---------- Given records
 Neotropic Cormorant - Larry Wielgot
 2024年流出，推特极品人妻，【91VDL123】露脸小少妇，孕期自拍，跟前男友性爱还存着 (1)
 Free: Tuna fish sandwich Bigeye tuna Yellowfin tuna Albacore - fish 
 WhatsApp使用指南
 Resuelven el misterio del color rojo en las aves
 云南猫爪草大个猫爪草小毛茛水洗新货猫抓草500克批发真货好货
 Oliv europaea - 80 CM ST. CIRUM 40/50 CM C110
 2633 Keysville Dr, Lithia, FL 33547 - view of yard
--------------------
Your goal.
Take the material above and reproduce it word for word.

Expected output.
 Neotropic Cormorant - Larry Wielgot
 2024年流出，推特极品人妻，【91VDL123】露脸小少妇，孕期自拍，跟前男友性爱还存着 (1)
 Free: Tuna fish sandwich Bigeye tuna Yellowfin tuna Albacore - fish 
 WhatsApp使用指南
 Resuelven el misterio del color rojo en las aves
 云南猫爪草大个猫爪草小毛茛水洗新货猫抓草500克批发真货好货
 Oliv europaea - 80 CM ST. CIRUM 40/50 CM C110
 2633 Keysville Dr, Lithia, FL 33547 - view of yard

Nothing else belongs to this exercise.